![Témoignages : séparés par la fermeture des frontières, Jean-Louis et Susan s'aiment par écrans interposés 1 img 4290 2 a 1](https://www.causette.fr/wp-content/uploads/2020/11/img_4290-2-a-1-682x1024.jpg)
Chaque mois, Causette donne la parole à un duo sentimental pour comprendre comment les visions divergentes de chacun·e n’empêchent pas (toujours) le ménage de tourner. Jean-Louis et Susan, jeune couple de septuagénaires binationaux, roucoulaient la moitié du temps en France, l’autre moitié aux États-Unis. Jusqu’à ce que le premier confinement les sépare pour de longs mois. Puisque les deux pays n’ont pas rouvert leurs frontières, les tourtereaux ont décidé de se retrouver sur une île à mi-chemin.
Jean-Louis
71 ans (région parisienne)
« En 2016, j’ai 66 ans, je sors d’une rupture et, retraité, je décide de passer un hiver en Floride pour profiter de la chaleur tropicale de Fort Lauderdale.

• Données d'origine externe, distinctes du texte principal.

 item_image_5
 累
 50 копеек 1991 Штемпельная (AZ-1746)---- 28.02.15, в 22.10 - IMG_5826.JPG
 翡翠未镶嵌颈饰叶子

Prêt à retrouver l’amour, alors que je surfe sur un site de rencontre, je reçois un message d’une certaine Susan. Même âge, mêmes centres d’intérêt et les photos de cette Américaine me plaisent illico. Je ne me trompe pas : dès que je la vois, c’est le coup de foudre. Le mois qui suit est ponctué de rendez-vous galants, les pieds dans le sable. Susan accepte très vite de venir vivre en France chez moi l’été et que je vienne sous son soleil d’hiver l’autre moitié de l’année. Six mois dans le Vaucluse, six mois en Floride. Un amour binational entre les deux rives de l’Atlantique… jusqu’à l’arrivée de l’épidémie.
Le 15 mars 2020, alors aux États-Unis, je décide de rejoindre l’Hexagone. En termes d’assurance-maladie, mieux vaut la sécu française qu’américaine. Pas d’adieu déchirant : ça ne va pas durer éternellement. De retour en France, je me confine seul dans le petit appartement de la région parisienne que je viens d’acheter pour elle et moi. Je passe la quarantaine seul en visio avec ma moitié. À l’annonce du déconfinement, je demande immédiatement un laissez-passer dérogatoire au consulat de Miami, qui, depuis, me balade d’administration en administration. Côté français, même si la Commission européenne annonce permettre aux couples de se réunir, silence radio aussi.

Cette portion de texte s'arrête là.